Title: Statistical Approaches to Protecting Confidentiality for Microdata and Their Effects on the Quality of Statistical Inferences
Author: Jerome P. Reiter
Author’s institution: Duke University
Correspondence:
Jerome P. Reiter
Box 90251, Duke University
Durham, NC 27708
Phone: 919 668 5227
Fax: 919 684 8594
Email:
Running head: Disclosure Control and Data Quality
Word count: 6496
Author Note:
Jerome P. Reiter is the Mrs. Alexander Hehmeyer Associate Professor of Statistical Science at Duke University, Durham, NC, USA. The author thanks the associate editor and four referees for extremely valuable comments. This work was supported by the National Science Foundation [CNS 1012141 to J. R.]. *Address correspondence to Jerome Reiter, Duke University, Department of Statistical Science, Box 90251, Durham, NC 27708, USA; email: .
Abstract
When sharing microdata, i.e., data on individuals, with the public, organizations face competing objectives. On the one hand, they strive to release data files that are useful for a wide range of statistical purposes and easy for secondary data users to analyze with standard statistical methods. On the other hand, they must protect the confidentiality of data subjects’ identities and sensitive attributes from attacks by ill-intentioned data users. To address such threats, organizations typically alter microdata before sharing it with others; in fact, most public use datasets with unrestricted access have undergone one or more disclosure protection treatments. This research synthesis reviews statistical approaches to protecting data confidentiality commonly used by government agencies and survey organizations, with particular emphasis on their impacts on the accuracy of secondary data analyses. In general terms, it discusses potential biases that can result from the disclosure treatments, as well as when and how it is possible to avoid or correct those biases. The synthesis is intended for social scientists doing secondary data analysis with microdata; it does not prescribe best practices for implementing disclosure protection methods or gauging disclosure risks when disseminating microdata.
1. Introduction
Many national statistical agencies, survey organizations, and research centers—henceforth all called agencies—disseminate microdata, i.e., data on individual records, to the public.
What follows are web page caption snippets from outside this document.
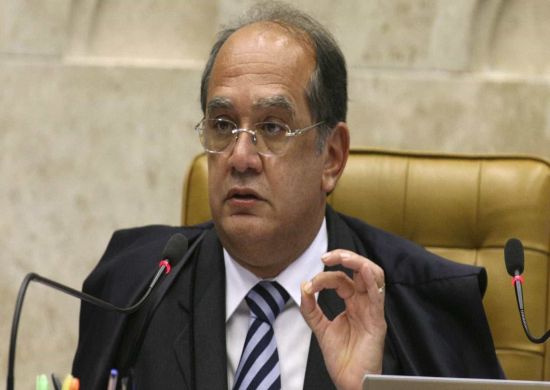 Receita diz que não há fiscalização sobre Gilmar Mendes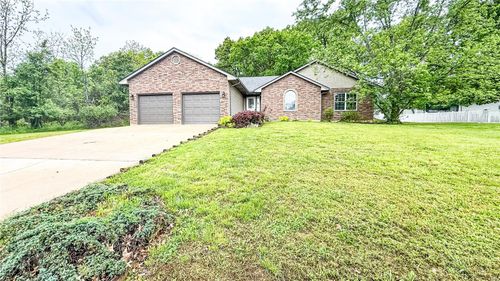 203 Tremont Dr, Waynesville, MO, 65583-3421 | Card Image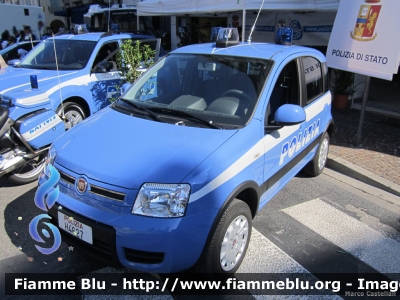 Fiat Nuova Panda 4x4 I serie
Polizia di Stato
POLIZIA H4627
Parole chiave: Fiat Nuova_Panda_4x4_Iserie PoliziaH4627 Expo_Motori_Conegliano_2012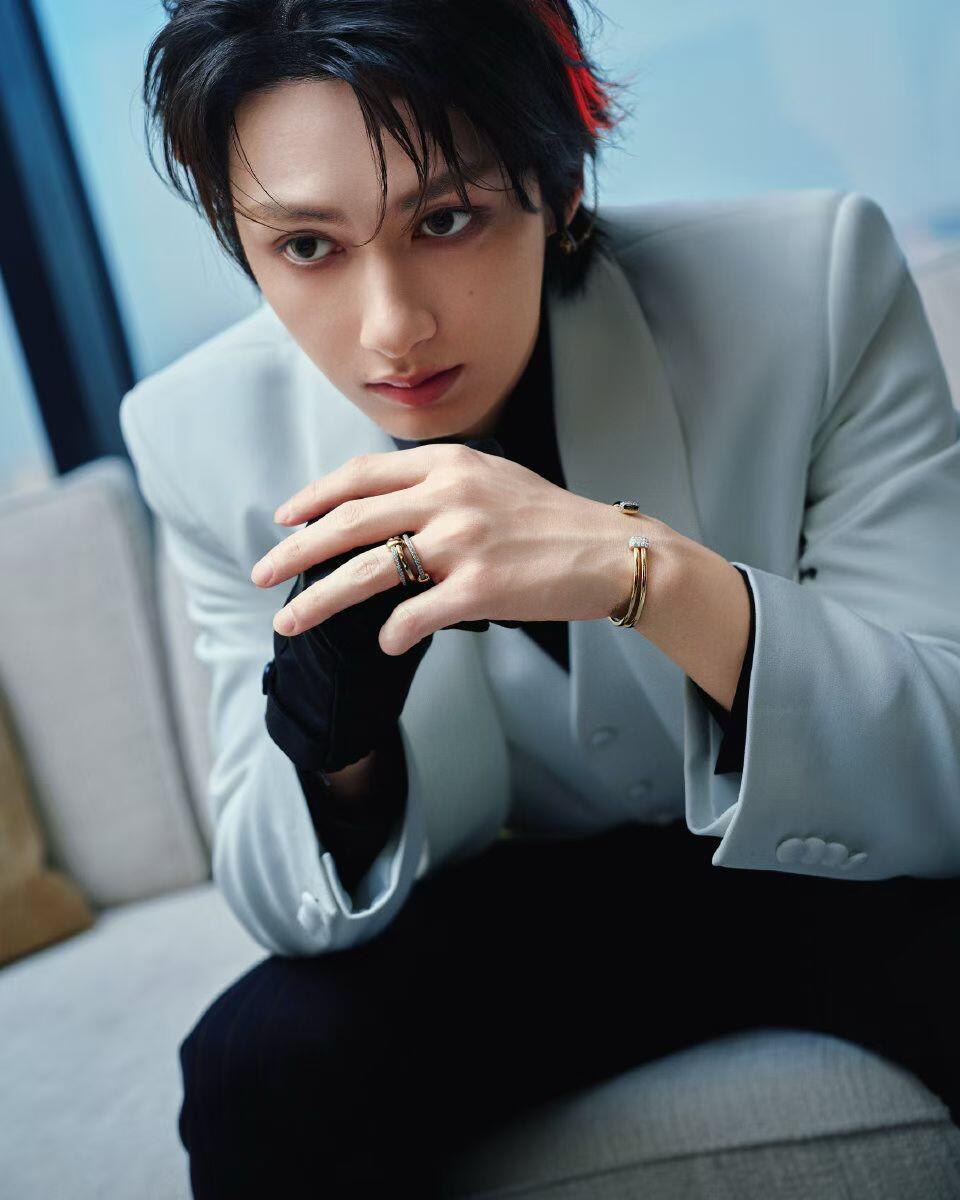 文俊辉骨节分明的手救命！文俊辉这双手是真实存在的吗？每个骨节都像精心雕琢过，握麦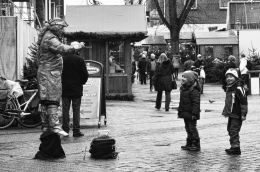 The living statue and the children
Wide dissemination of microdata facilitates advances in social science and public policy, helps citizens to learn about their communities, and enables students to develop skills at data analysis. Wide dissemination enables others to avoid mounting unnecessary new surveys when existing data suffice to answer questions of interest, and it helps agencies to improve the quality of future data collection efforts via feedback from those analyzing the data. Finally, wide dissemination provides funders of the survey, e.g., taxpayers, with access to what they paid for.
Often, however, agencies cannot release microdata as collected, because doing so could reveal survey respondents' identities or values of sensitive attributes. Failure to protect confidentiality can have serious consequences for the agency, since it may be violating laws passed to protect confidentiality, such as the Health Insurance Portability and Accountability Act and the Confidential Information Protection and Statistical Efficiency Act in the United States. Additionally, when confidentiality is compromised, the agency may lose the trust of the public, so that potential respondents are less willing to give accurate answers, or even to participate, in future surveys (Reiter 2004).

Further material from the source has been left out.